『武田信玄の戦略』

-三方原の戦-

 

高柳 光寿 著

春秋社 刊

1988年3月20日(復刊・原刊1958年)
239ページ 1,400円

評 価
★★★★★

著者は、戦国史研究の権威であった。
明治25年生まれ。東大史料編纂官、國學院大教授、大正大教授、日本歴史学会会長などを歴任。昭和44年没。『足利尊氏』『鎌倉市史』『明智光秀』など。

その研究は、極めて実証的で、予断を持たず、数多くの史料を冷静に分析される。博士の打ち出された新説の多くは、当時は画期的なものだったろうが、現在は通説になっている。

高柳氏の『戦国戦記』シリーズの一冊である。他に本能寺の変長篠の戦賤ヶ岳の戦いなどが出版されている。(いずれも必読の名著である。)

本書は、「信玄対家康の歴史を変えた一大決戦。

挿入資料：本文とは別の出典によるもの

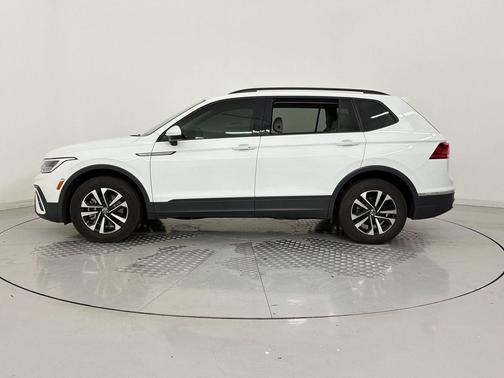Pure White 2024 Volkswagen Tiguan 2.0T S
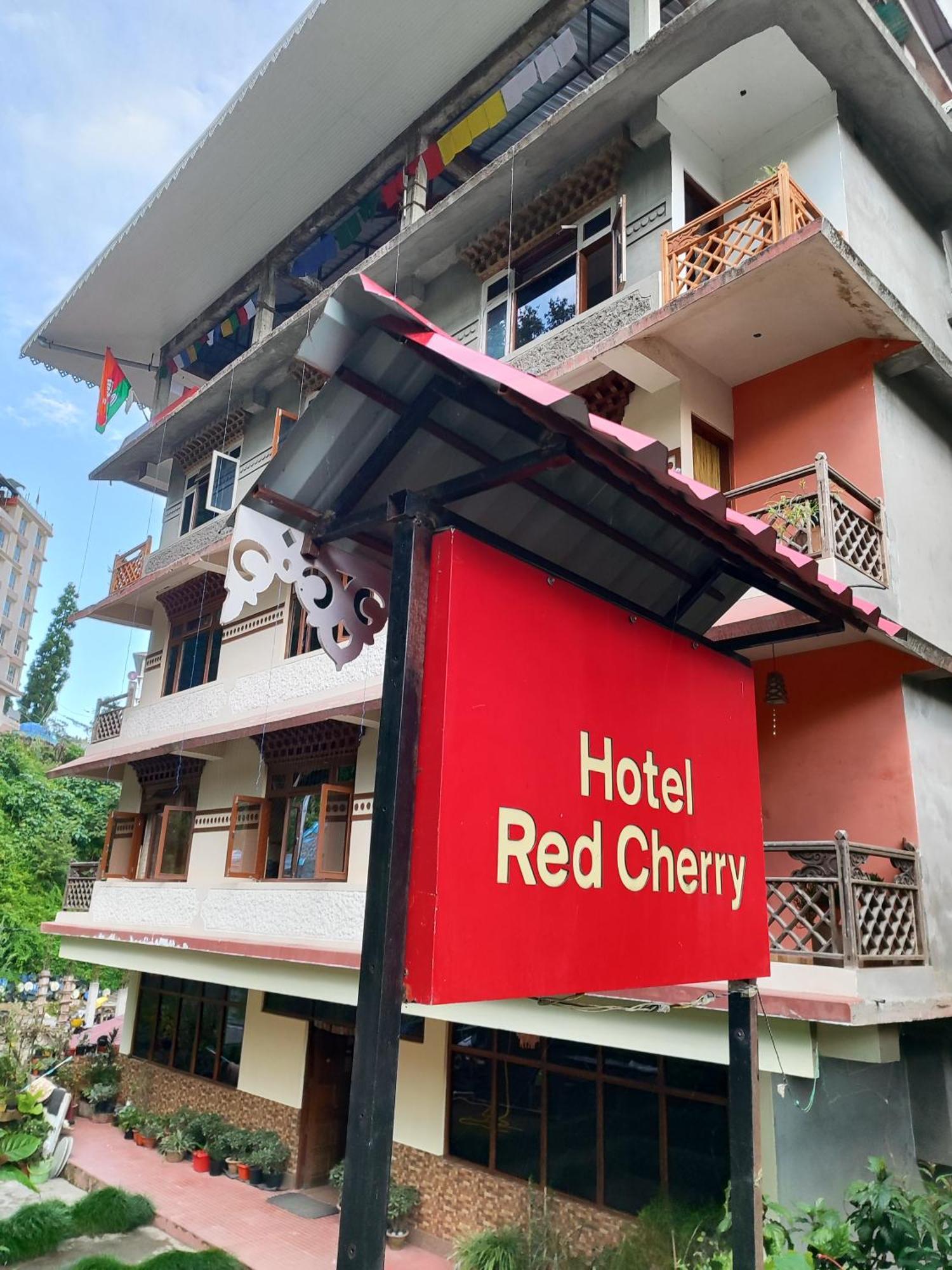 Hotel Red Cherry Pelling Bagian luar foto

正確無比の史料解読と抜群の推理力を駆使して、信玄対家康の戦略・戦術を克明に比較分析し、信玄のイメージを決定づけた名著 」というもの。

確実な史料の乏しい三方ヶ原の合戦について、できる限りの史料を駆使し、可能な推察を加え、その史実を露わにしている。まさに高柳歴史学であり、その内容の信頼性は高い。なお、高柳氏は信玄の侵攻に目的について、上洛説ではなく局地説を主張されている。

小和田哲男氏も『三方ヶ原の戦い』を著すにあたり、本書を大きな目標にしたと明言されている。

いずれにしても名著であることに間違いはない。

著者曰く、
「三方原という台地は大部隊の交戦には最も適当した戦場である。信玄のこの計画に対しては、さすが百戦錬磨の名将であると敬服するほかはない。(中略)しかしさびしいことである。愛子を犠牲にして苦心惨憺やっと得たところのものが、その死によってわずか十年たらずで崩れ去ったのであった。いや、初めから持っていたものをも失ったとは。それにしても、われわれはこの事実によって歴史における個人の力をも認めないではおられない。」